Yüz yüze gelemesek de kafamda ve gönlümde yer buldunuz. Ancak sevgili Can ile çok uzun zaman önce kesişmişti yollarımız. O güzel adam, benim hem arkadaşım hem de Cumhuriyet Davası’nda avukatım oldu. İddianamemiz, cezaevine girişimizin 5’inci ayında yazılabilmişti. Tüm yaşadıklarımızdan geriye savunmalarımızın kalacağını düşünerek günlerce, aylarca volta atarken bile aldığım notları ilk ziyaretinde ona okumuştum. Görüşme saati boyunca gülmüştük çünkü duruşmada, itirafçı olmak istiyorum diyecektim.
∗∗∗
Bundan sonrasını savunma metnimden aktarayım: İddia makamı bizi bazı terör örgütleriyle irtibatlı gösterebilmek için dile kolay tam 5,5 ay çalıştı ve ekleriyle birlikte 30 klasörlük bir soruşturma dosyası hazırladı. Bu durumda birimizin çıkıp suçunu itiraf etmesi bekleniyor olabilir. Ama belki de bu işi bir karikatüristin yapması daha uygun olur. Karikatüristten itirafçı olur mu? Denemek istiyorum. Evet, ben karikatür hayatımda bir örgüte yardım ve yataklık ettim. Bu örgütün adı Ü.T.Ç. Açılımı: Ülkemin Tüm Çocukları. Üyeleri arasında 2,5 yaşındaki torunum da var. Biliyorum ki heyetinizin de çocukları, salonda bulunan dostlarımızın da çocukları bu örgütün üyeleri arasında.

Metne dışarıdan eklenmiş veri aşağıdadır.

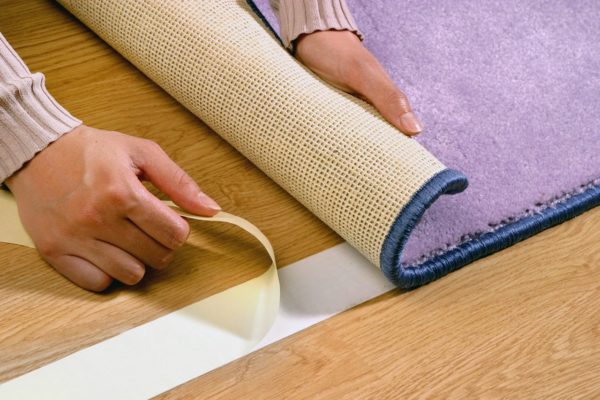 Крепление ковролина на двусторонний скотч к полу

Torunuma, örgütlerinin amacını sordum, anlattı: “Dede biz de batılı akranlarımız gibi yaşamak istiyoruz. Özgür ve mutlu bir hayatımız olsun istiyoruz. Kimse ölsün mölsün istemiyoruz.”
“Peki, beni de örgütünüze üye yapar mısınız?” dedim.
“Olmaz dede, sen çocuk değilsin. Ama çok istiyorsan, bize yardım ve yataklık yapabilirsin, bizim için çizebilirsin.”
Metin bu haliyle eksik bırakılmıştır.